Last Dream of the Morning – é como se chama o
extraordinário trio de John Butcher, John Edwards e Mark Sanders. Se o
levássemos à letra, aqui, seria como se os sons do sudeste asiático nos
sufocassem os sentidos ao acordar e nos sentássemos na cama subitamente cintados
pelo suor, cercados de incenso, siderados pelo lasso ziziar das cigarras longe
das cidades – saxofone, contrabaixo e bateria as únicas formas reconhecíveis
entre as sombras e as fumaças.

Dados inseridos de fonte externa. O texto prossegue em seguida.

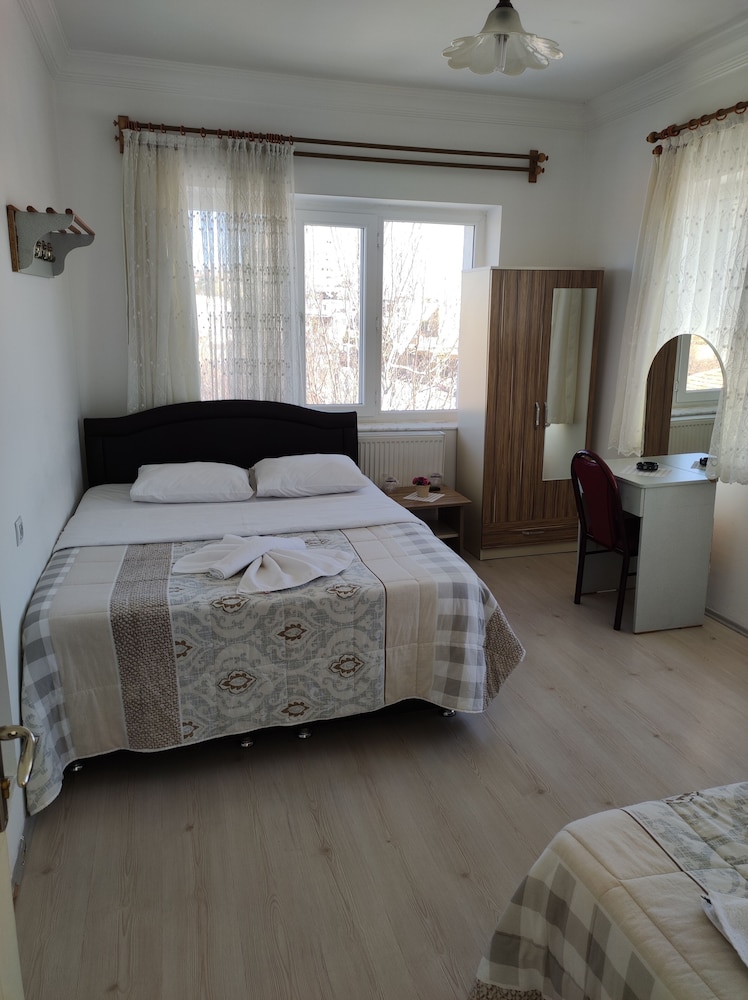 Standard Triple Room, Balcony photo 1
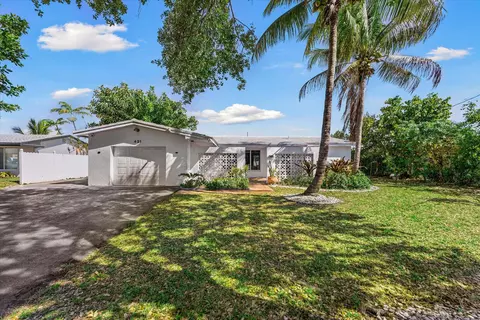 421 SW 18th St, Pompano Beach, FL 33060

Trata-se, em rigor, de pôr em cena a atávica etiqueta
do ritual que há na música, com os seus gestos sagrados e aquela mediúnica
capacidade de, ao vivo, em concerto, atribuir expressão concreta à imanência pura
do momento presente. Como poucos, mas como todos os outros, os discos de John
Butcher fazem questão de nos lembrar que são apenas instantâneos abruptamente
subtraídos à realidade, uma receita para o medo que a nossa impermanência nos
mete.
Durante o confinamento, como se
estivesse a exercer uma espécie de prerrogativa qualquer, dei por mim a
revisitar “The Geometry of Sentiment” (2007) e “Resonant Spaces” (2008),
registos dele a solo, alguns dos quais em locais insólitos, lembretes de que a
intimidade é frequentemente governada por circunstâncias que fogem ao nosso
controlo – e quando me fez “Crucial Anatomy” e “Old Paradise Airs” chegar às
mãos, foi como se me tivesse lido a mente. Como de costume, dá-se por Butcher a
escalpelar os subsistemas da linguagem em ambos, a esforçar-se não só para ter
o que dizer mas, sobretudo, em ter como o dizer, enquanto, primeiro, se
encontra num templo zen, a aprender a
separar querer e crer, e, depois, com Beresford, e a língua feita em lava, se vê
mergulhado numa câmara magmática. Nos dois, o mistério de estar num e noutro
sítio sem se perder em lugar nenhum.